Não Há Democracia no Tennessee, por Nadejda Marques

Após cada incidente, aumentam os protestos demandando a proibição ou, ao menos, um controle mais restrito da comercialização de armas de fogo.

Campanhas contra a liberação de armas nos EUA têm esbarrado no Congresso e nos interesses da indústria. Foto: Gun Violence Archive

Não Há Democracia no Tennessee

por Nadejda Marques

Dezenas de milhares de estudantes se juntaram em uma ação coletiva na quarta-feira passada (5 de abril) por todo os Estados Unidos. Ao meio dia, saíram de suas aulas em massa e participaram de atividades e protestos demandando o controle de armas. Em muitas escolas, tiveram o apoio dos pais e dos seus professores. O protesto que tem se repetido anualmente também é uma homenagem às vítimas dos ataques às escolas pelo país e tem o apoio de grande parte da sociedade americana mas, alguns querem que as homenagens se restrinjam ao silêncio. 

Contrariando a razão, observa-se que nos últimos anos houve uma maior proliferação de armas de fogo nos EUA graças ao lobby do NRA que tem conseguido, através dos Partido Republicano, a aprovação de legislação que facilita a comercialização de armas, inclusive de armamentos de guerra para civis.

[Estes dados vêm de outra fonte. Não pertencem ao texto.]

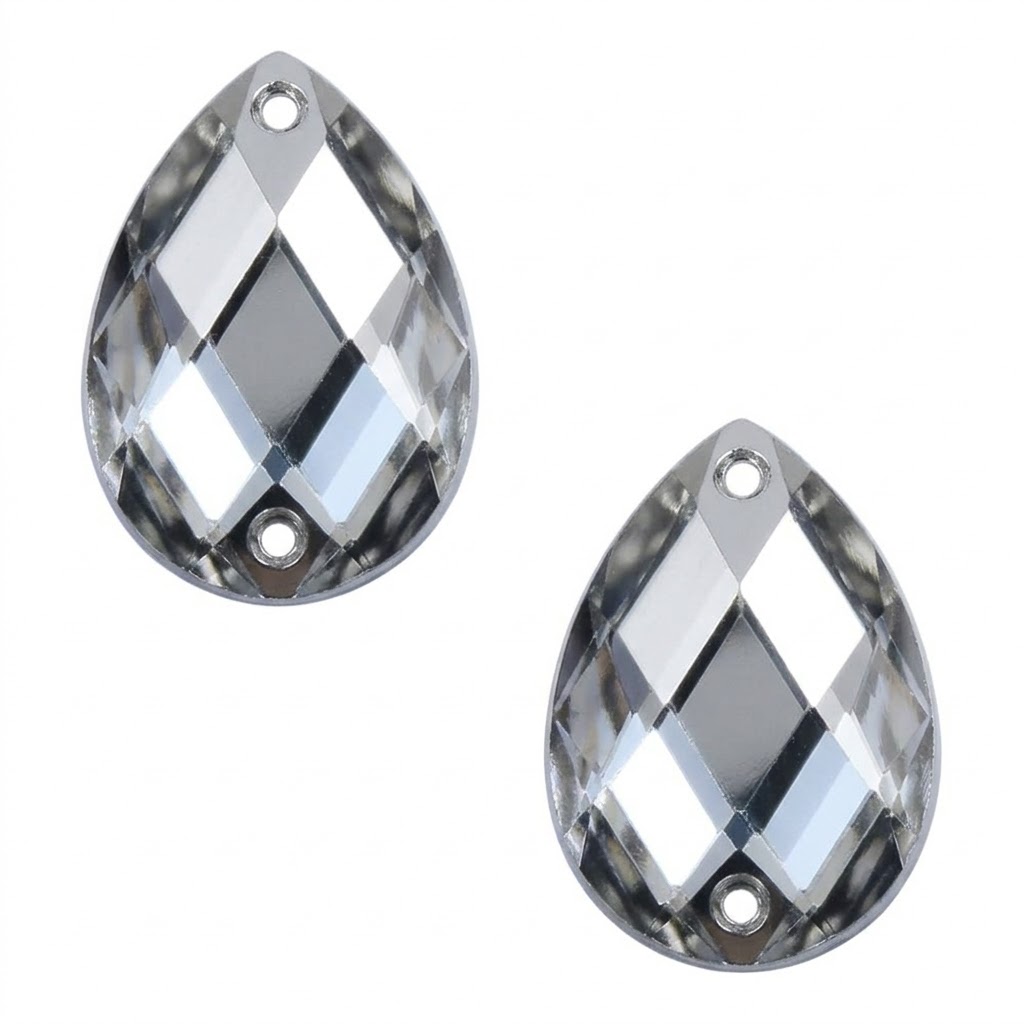 Gema acrílica gota 10x14mm plateada x 100 un.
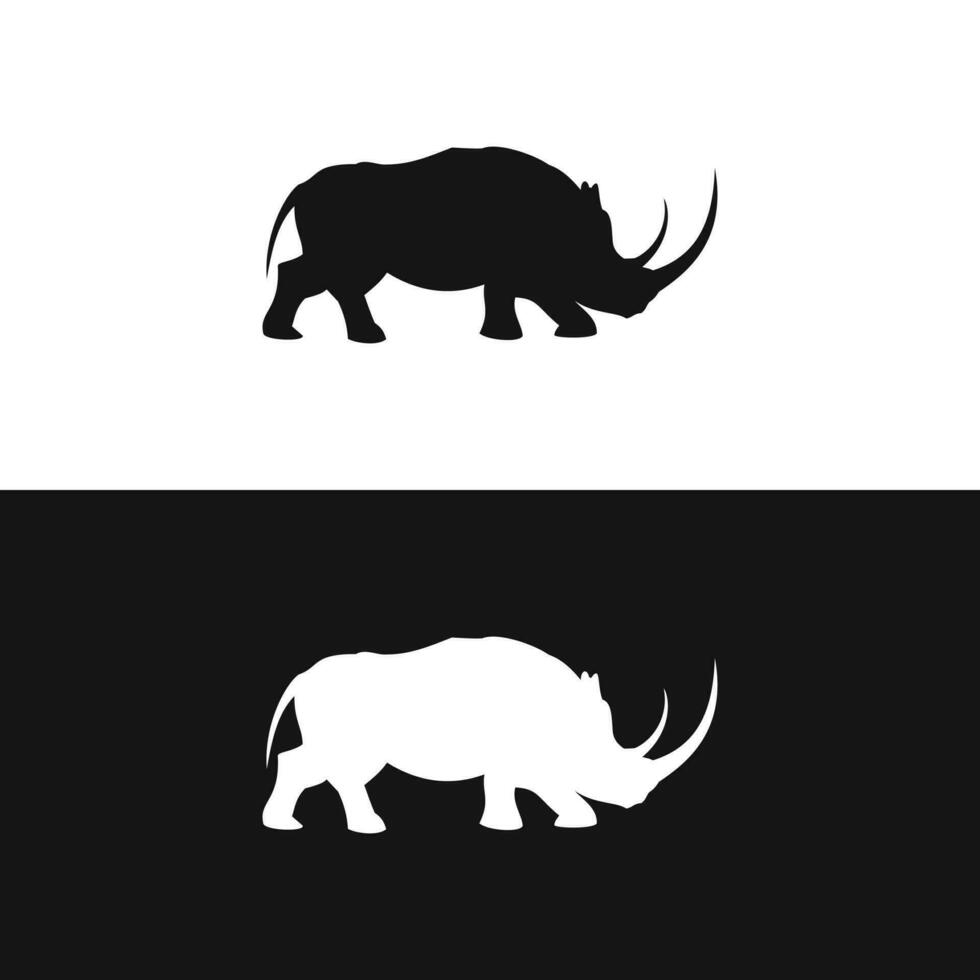 Elegant Vector Illustration of Rhinoceros Silhouette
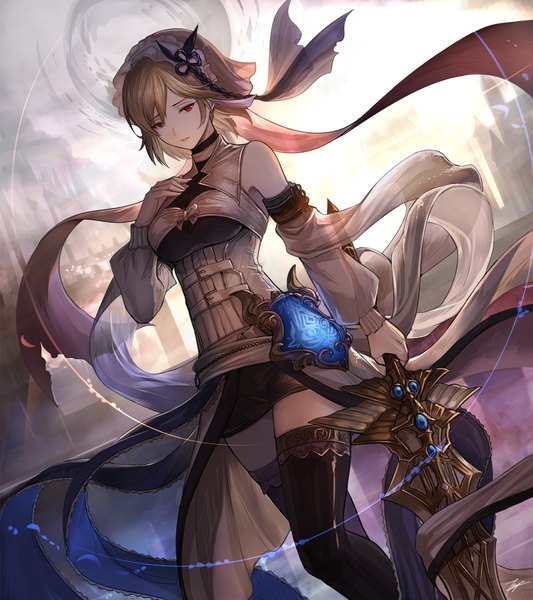 Anime picture 1000x1125 with granblue fantasy lord of vermilion lord of vermilion iii gita (granblue fantasy) angela (lord of vermilion iii) tenyo0819 single tall image fringe short hair blonde hair hair between eyes red eyes standing holding signed outdoors long sleeves parted lips sunlight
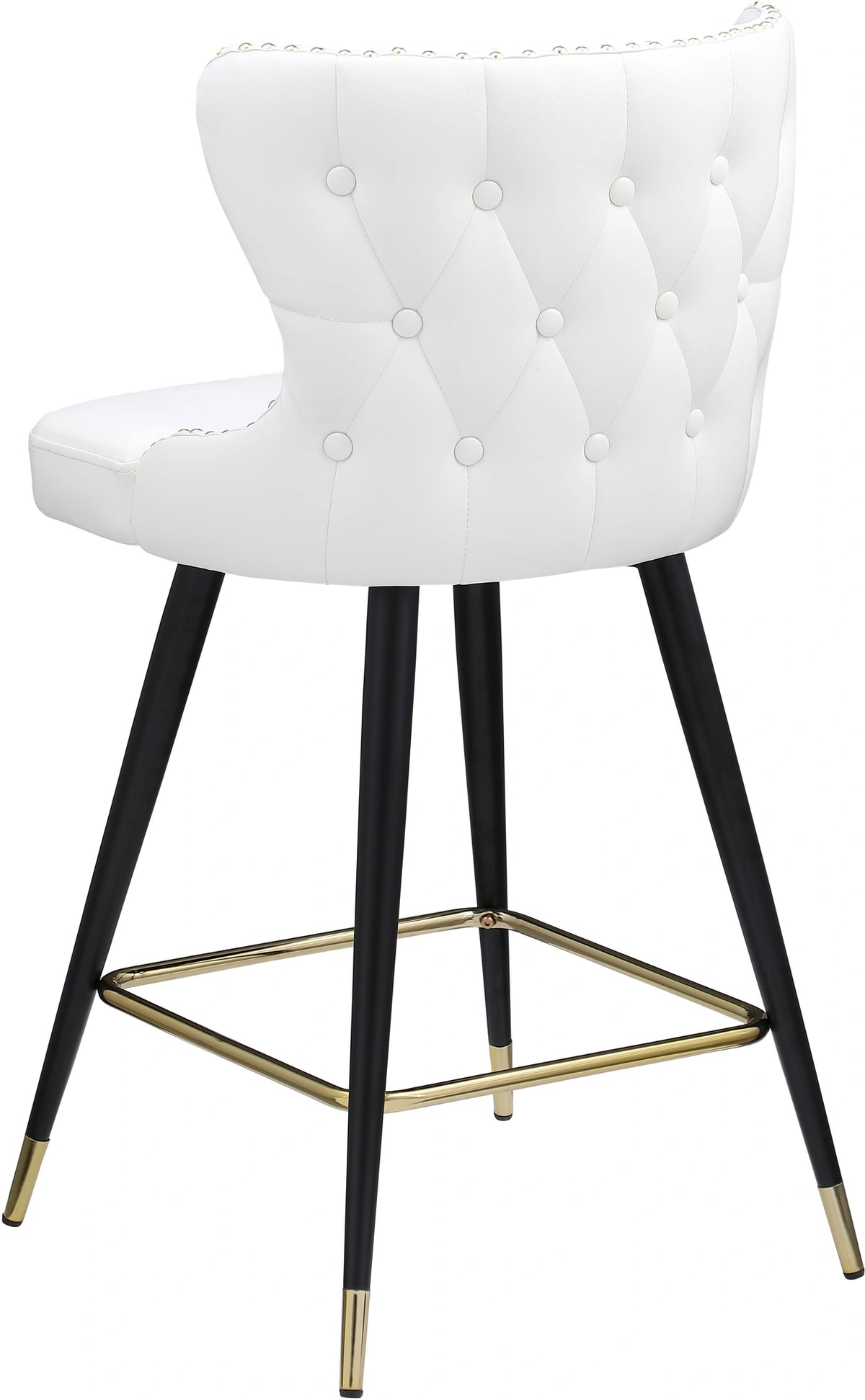 Hendrix White Faux Leather Counter/Bar Stool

São leis, por exemplo, que reduzem a idade mínima para compra e porte de arma ou leis que impediriam a checagem dos antecedentes dos compradores de armas.

Até abril de 2023, segundo o Gun Violence Archive, os EUA já viveram ao menos 146 ataques armados em massa, isto é, ataques com armas de fogo onde quatro ou mais vítimas são feridas ou mortas. Desses, 12 ocorreram em escolas primárias ou secundárias causando a morte de dez crianças e deixando dezenas de feridos. Esses ataques armados contra as escolas não são a maioria dos incidentes de violência com armas nos EUA, mas, evidentemente, têm um grande impacto nas comunidades envolvidas e na sociedade como um todo em termos de sofrimento coletivo, sentimento de perda, insegurança e trauma.

Após cada incidente, aumentam os protestos demandando a proibição ou, ao menos, um controle mais restrito da comercialização de armas de fogo. Um desses protestos, em Nashville, Tennessee, foi organizado após o ataque, no dia 27 de março, a uma escola particular da cidade onde seis pessoas morreram, três delas crianças. No dia 30 de março, estudantes e pais de Nashville caminharam em passeata até a Assembléia Legislativa onde se juntaram a três deputados estaduais do Partido Democrata que fizeram discursos contra a falta de ação da Assembléia após o ataque em Nashville. Dois deles, Justin Jones e Justin J. Pearson são jovens líderes negros, eleitos por distritos em Nashville e Memphis, respectivamente. A terceira líder era Gloria Johnson, uma das poucas mulheres eleitas no estado. Durante o protesto, seus microfones foram cortados, então eles trouxeram megafones. Gritavam palavras de ordem como “sem ação, não há paz” (no action, no peace) que é uma variação do slogan “no justice, no peace” (sem justiça não há paz) normalmente associado com os protestos contra o racismo e a violência policial durante os protestos do Black Lives Matter, mas também usado antes disso, nos protestos dos anos 80.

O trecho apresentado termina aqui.